Anaporka Adazabra

Name:

Anaporka Adazabra

Name of Business:

Farmio

Email:

There is a particular kind of problem that Anaporka Adazabra has built her company around: the gap between what a smallholder farmer produces and what they are able to capture from it. Not just in income, though that too, but in visibility, in negotiating power, in the simple ability to participate in a market on anything close to equal terms. Farmio’s answer to that problem is neither purely technological nor purely social. It is both at once, and that combination is what makes it interesting.

Anaporka came to the 2024 WAYA competition as 1st Runner Up in the Female Ag-Tech Innovator category. Within a year, Farmio had grown in ways that validated both the recognition and the model behind it.

The money went where the gap was

When the prize funds arrived, Anaporka did not spend them on visibility or branding. She spent them on infrastructure for people without smartphones. Thirty-five percent funded the backend of a USSD platform, accessible via basic feature phone, no internet required, that lets farmers place service requests, get agronomic advice, and track deliveries through simple code-based interactions. Another thirty percent went into recruiting and training 20 youth agents to handle onboarding and data collection in the field. This is the less glamorous work of agritech: the human and technical layer that makes digital tools real in rural communities rather than just real on a pitch deck.
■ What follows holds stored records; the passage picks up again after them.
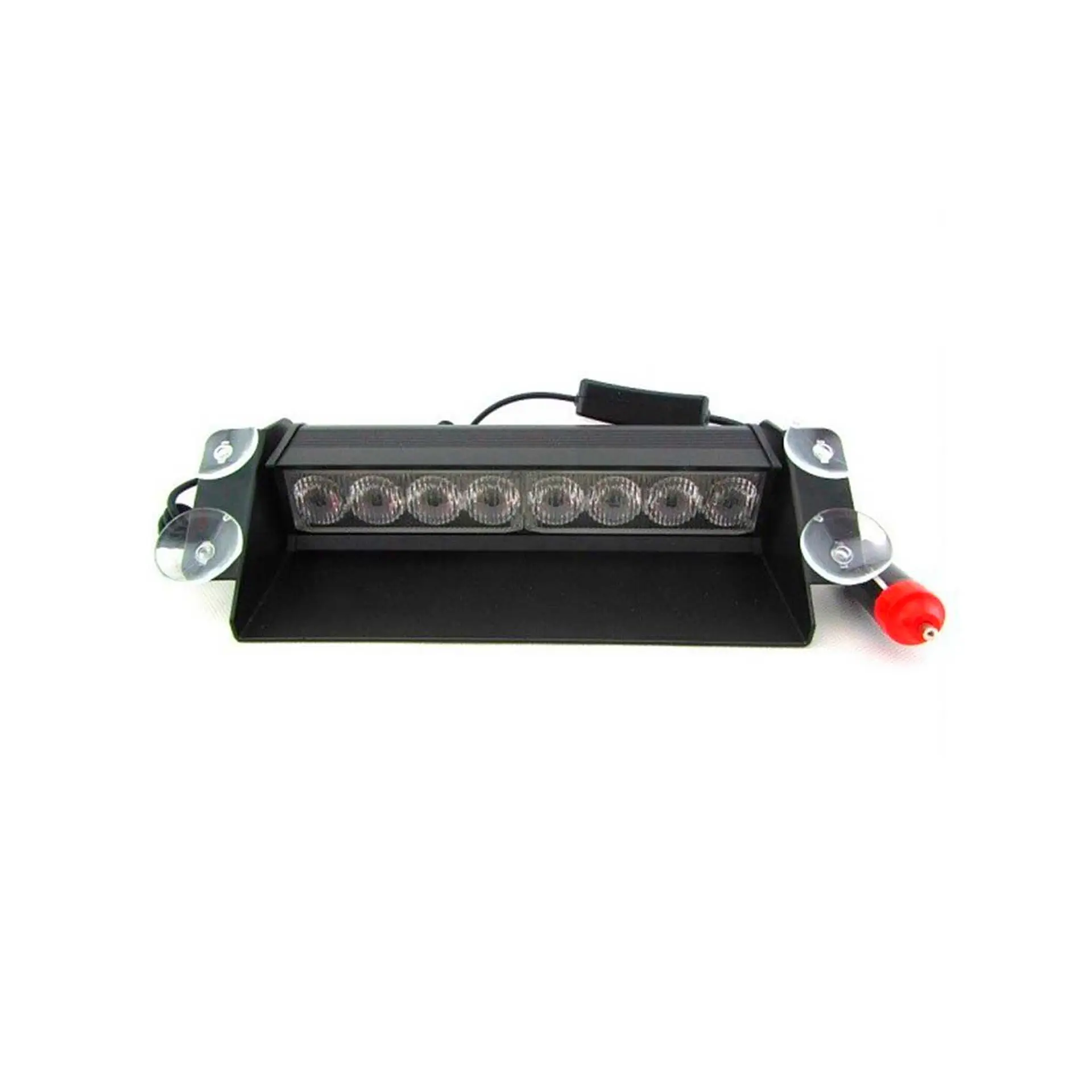 Baliza Led Estroboscópica Parabrisas Azul y Rojo 6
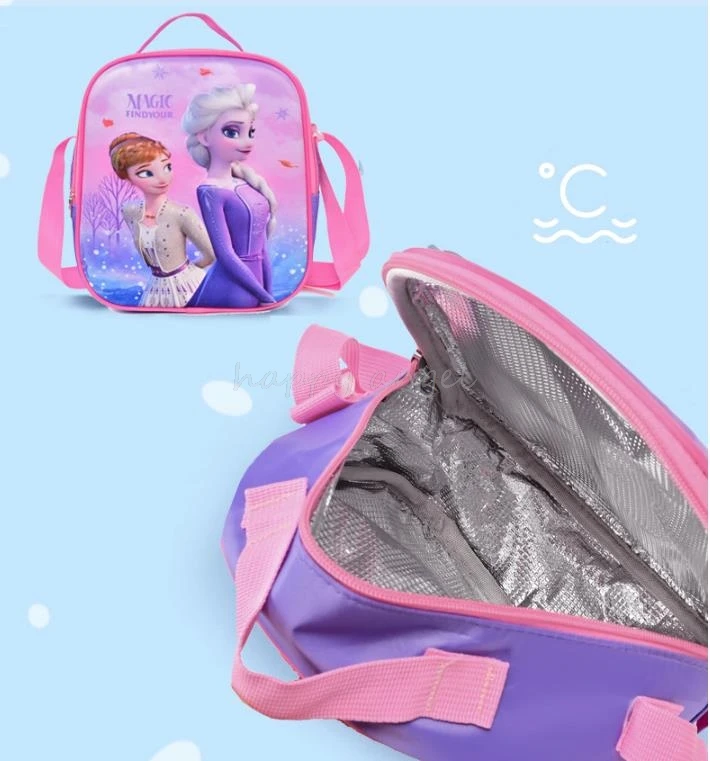 3Pcs Cartoon Melody Kuromi School Bags Capacity Lovely Lightweight Backpack For Girls Boys Birthday Gift Mochilas With Lunch Bag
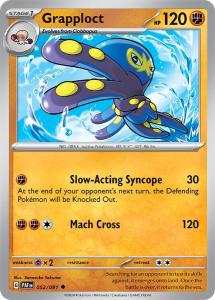 SV4.5 - Paldean Fates - 052/091 - Grapploct - Uncommon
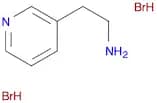 3-Pyridineethanamine, hydrobromide (1:2)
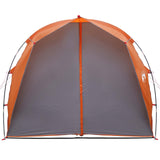 Tunnel Tent Grey and Orange 382 x 262 x 214 cm 42017456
By the one-year mark, Farmio’s active digital user base had more than doubled to over 9,300. New greenhouse installations were running in the Upper West and Eastern Regions. A rural aggregation hub had opened in the Volta Region. A compact greenhouse kit for peri-urban youth had launched. And Farmio had made its first cross-border move, beginning to export cassava and yams into Nigeria.

Giving farmers a financial identity

One of the year’s most consequential developments was quiet by design. Farmio built a credit scoring system into its SuperApp that generates individualized credit profiles from farmer transaction history, engagement levels, and productivity data, not from bank statements or collateral that most smallholder farmers do not have. The result is a pay-as-you-grow financing model for inputs: accessible, predictable, and one that builds something farmers can use again. It is a small intervention with significant structural implications for who gets to grow.

Alongside this, Farmio introduced automated greenhouse systems with real-time nutrient tracking and climate control, vertical hydroponic towers for urban rooftops and schools, and a beta AI-driven market forecasting tool. These are not separate product lines, they are different entry points into the same vision of a more legible, more equitable value chain.

The buy-back scheme that closed the loop

The part of Farmio’s work that perhaps best captures Anaporka’s instinct for systemic thinking is what happened with rural women in the year after the award. Farmio trained women in the processing and packaging of cassava, chili, and tomatoes into shelf-stable, market-ready products. Then, and this is the part that matters, it created a buy-back programme, purchasing the processed goods that met quality standards and channelling them through its distribution network. Training without a market is a gesture. Training with a guaranteed offtake is a business model.

Within the year, over 120 women had been trained across three rural districts. Sixty percent reported an increase in monthly income from processed sales. Farmio’s own team grew to 34 staff, with 13 women employed, several of whom were promoted into supervisory roles over the period. New hires went into quality control, sales, digital engagement, and logistics.

Recognition finding recognition

The year also brought a cascade of external validation that had real consequences for Farmio’s trajectory. Anaporka was named among the five African winners of the Bayer Foundation Women Empowerment Award, selected from over 1,700 applicants globally, and received the KPMG Africa Best Female Founder Award. A $25,000 grant from the Bayer Foundation followed, directed at enhancing Farmio’s smart agriculture tools. These awards did not just add lines to a CV; they changed how investors saw the company.

Financially, Farmio closed FY2024 with revenue up 37% year-on-year at $580,000, generated $210,000 in Q1 2025 alone, and reached $570,000 by mid-year, a pace that pointed well beyond its earlier projections. Equity investor conversations were progressing in parallel, with Farmio working toward a $1.5 million raise.

A founder reaching outward

Anaporka’s own leadership in the year ran parallel to the company’s expansion. She enrolled in the GCIC SURGE programme, Ghana’s leading climate innovation incubator, sharpening her approach to fundraising, impact measurement, and climate-smart agriculture. She spoke at the Ghana Agritech Women’s Roundtable. She launched a peer mentorship circle inside Farmio, pairing junior female staff with senior women leaders. She continued mentoring young women through Northern Girls In Tech, an organization building digital skills for women in Northern Ghana. The WAYA recognition, she has said, reinforced something personal: the confidence to lead with both strategy and care, and to be intentional about bringing other women along.

What Farmio represents, a year out from its WAYA recognition, is a particular kind of agritech ambition: not scaling for its own sake, but scaling because the problems it is solving are large enough to demand it.